# Look what arrived today!!!!!!!



## peppersb (Jun 5, 2011)

Congratulations! What a spectacular dog!


----------



## patk (Jun 13, 2013)

uh oh. looks like i have to post this again:

:canada::canada::canada::first:


i hope you realize that the canada emoji is right next to the cannabis one. better hope my dyslexia doesn't kick in!
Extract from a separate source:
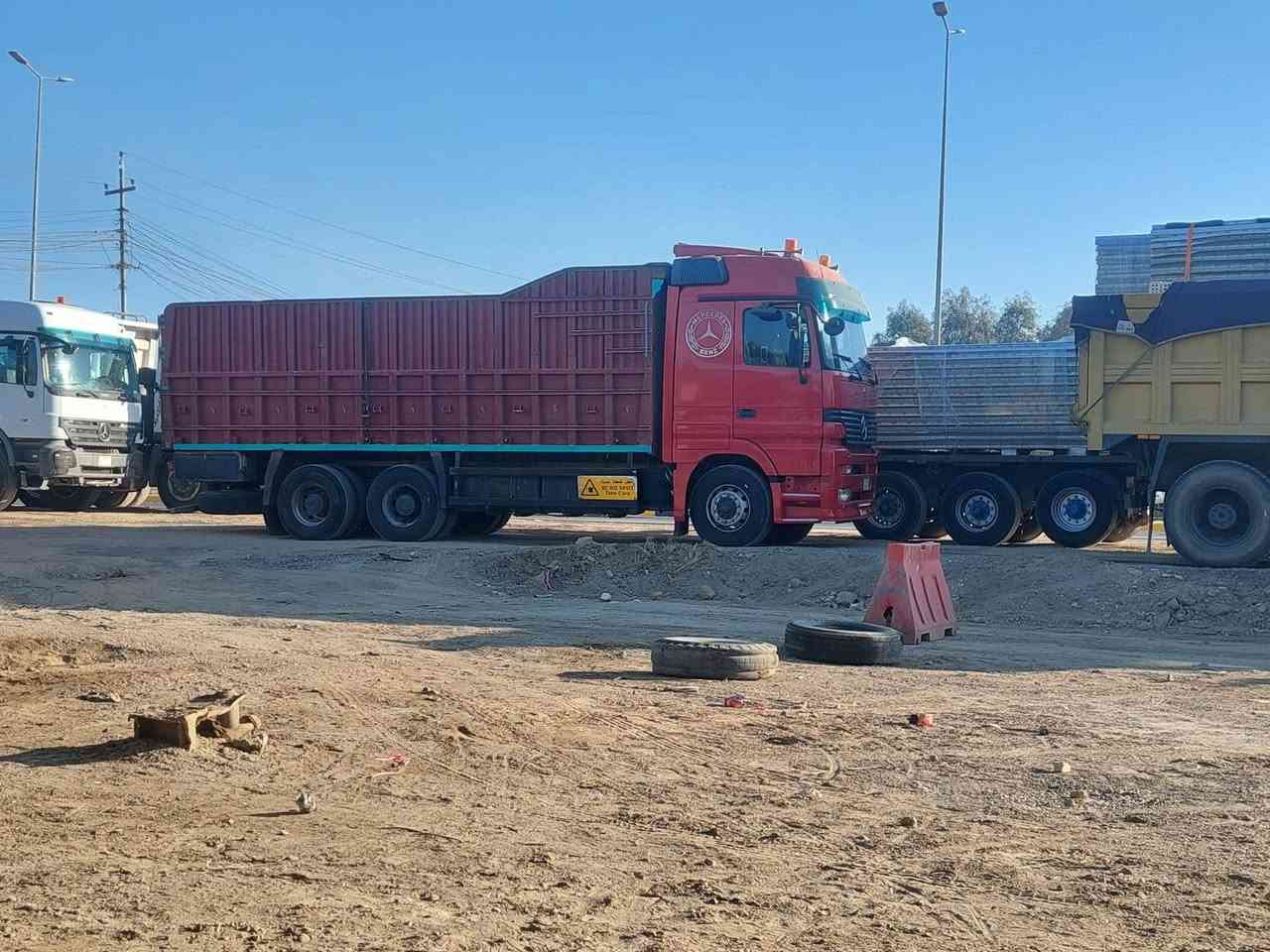 اكتروز للبيع قاطره ومقطوره  ٣ لوحات سنويه جديده ارقام نكليزي رقم قادسيه هزه  وسنويه جدد سياره مجموعه السعر ٦ شدات للستفسار ***********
congrats again to a beautiful boy.


----------



## ArreauStandardPoodle (Sep 1, 2009)

patk said:


> uh oh. looks like i have to post this again:
> 
> :canada::canada::canada::first:
> 
> ...


Hahahaha! It would be ok. After hanging out with tons of potheads, I am pro legalization, so would not be remotely offended. Although people might get the wrong idea...Thanks for the giggle!


----------



## Charmed (Aug 4, 2014)

Congratulations. It is so sweet when it is finally official. Handsome boy!


----------



## UKtwa (Jan 8, 2015)

a big congrats. beautiful


----------



## Carolinek (Apr 2, 2014)

Many congratulations! He is one handsome boy.


----------



## MollyMuiMa (Oct 13, 2012)




----------



## Suddenly (Aug 8, 2013)

Way to go.? a big Congratulations.


----------



## schpeckie (Jun 29, 2010)

Congratulations! Jamieson is one stunning boy!

Sylvia & the Girls!


----------



## cindyreef (Sep 28, 2012)

Congrats. You should be so proud.  Wow! He is stunning.


----------



## mom2m (Dec 24, 2014)

AWESOME! Congratulations!


----------



## ArreauStandardPoodle (Sep 1, 2009)

We are beyond thrilled. Now we are getting him ready for PCA and a trip from there to Canada in pursuit of his Canadian Championship. He is a special boy!


----------